Mexican-Style Salad

  • 20MINS
  • 15MINS
  • Serves 4
  • 315KCAL

This Mexican-Style Salad is packed with protein, crunchy veg, and black beans, all topped with a creamy yoghurt dressing.

  • Dairy Free pinchofnom.com
  • Everyday Light pinchofnom.com
  • Fakeaways pinchofnom.com
Easy Peasy Mexican-Style Salad pinchofnom.com

NutritionPer Serving

  • Calories315
  • Carbs25g
  • Protein31g
  • Fat7.5g
  • Saturates1.7g
  • Sugars15g

Ingredients for Pinch of Nom Mexican-Style Salad laid out on counter.

For the full list of ingredients and comprehensive instructions, please see the recipe card below. Before you scroll, there’s important stuff in the blurb!

If you’ve been on the hunt for a nutritious dinner that’s anything but boring, we have a feeling this Mexican-Style Salad is going to become a regular in your rotation.
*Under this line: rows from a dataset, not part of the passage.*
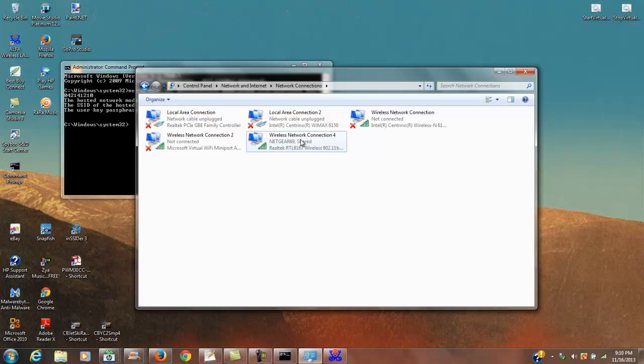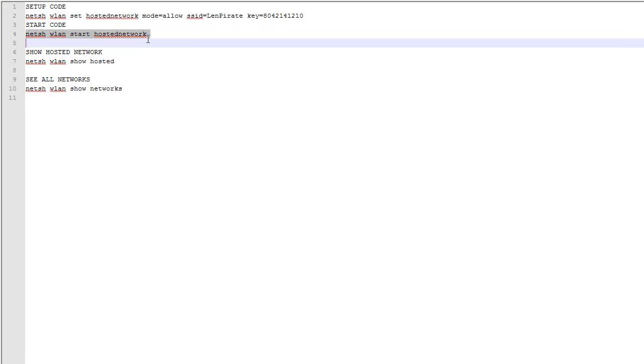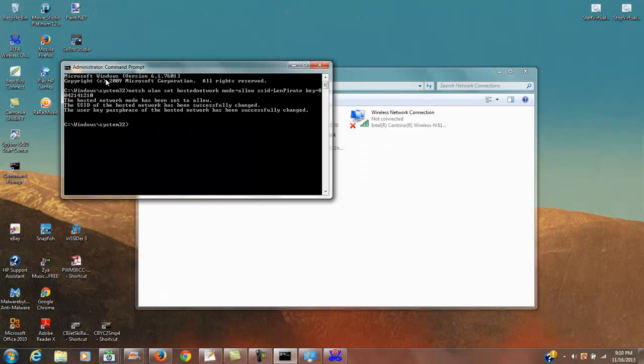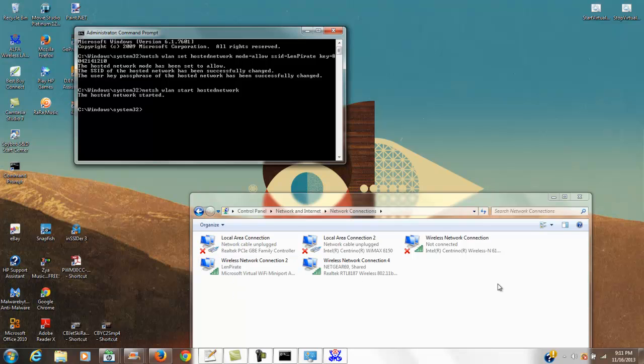Now you can re-enable the incoming adapter. While you're doing the sharing step you have to have it disabled, then share it, then re-enable it. Pause the video to do that sharing step, then come back and turn it back on. Then copy the next command from below — netsh wlan start hostednetwork — go back to your command prompt, right-click, paste, and hit Enter. You'll see it identifying and connecting.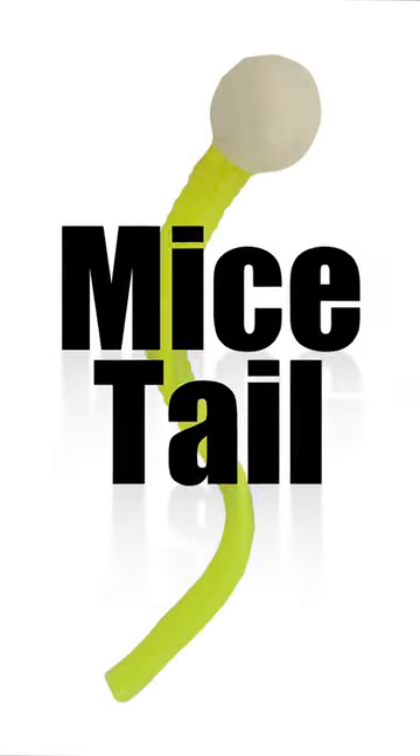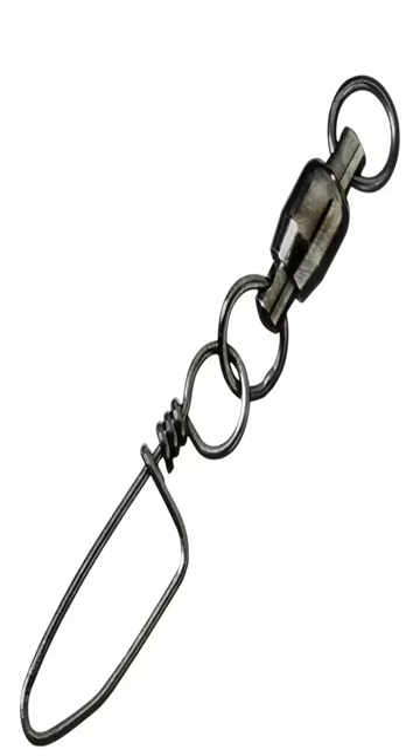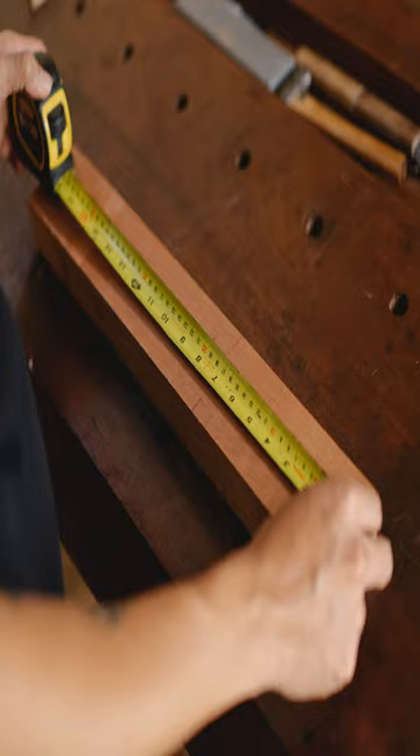This is my favorite way to fish with a mice tail, and this is why I do it this way. Carolina rig using a Carolina keeper over a swivel. I can quickly adjust the leader length, which is sometimes crucial for catching fish. Sometimes a quick adjustment, whether short or long, makes all the difference.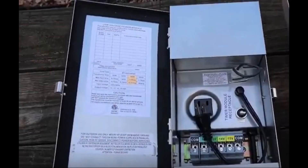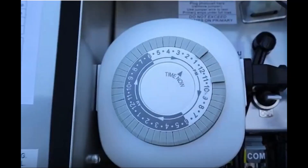Inside the transformer, you'll see a plug. That's where you plug in either the black wire — which keeps the transformer always connected — or you can plug in a digital timer or an astronomical timer. The timer essentially acts like a switch: when it's off, the transformer is off, and when it's on, the transformer turns on.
We’ve taken juicy chicken breast and coated it in our own Mexican-inspired spice blend, giving it a smoky, gently spiced kick that works perfectly with crisp lettuce, crunchy cucumber, sweet peppers, and red onion. Add in protein-packed black beans and sweetcorn for plenty of colour, texture and flavour, and you’ve got a real flavour sensation.

The creamy avocado dressing is what really brings everything together. Blended with fat-free yoghurt, fresh coriander and a squeeze of zingy lime, it’s the sort of dressing you’ll find yourself wanting to drizzle over everything!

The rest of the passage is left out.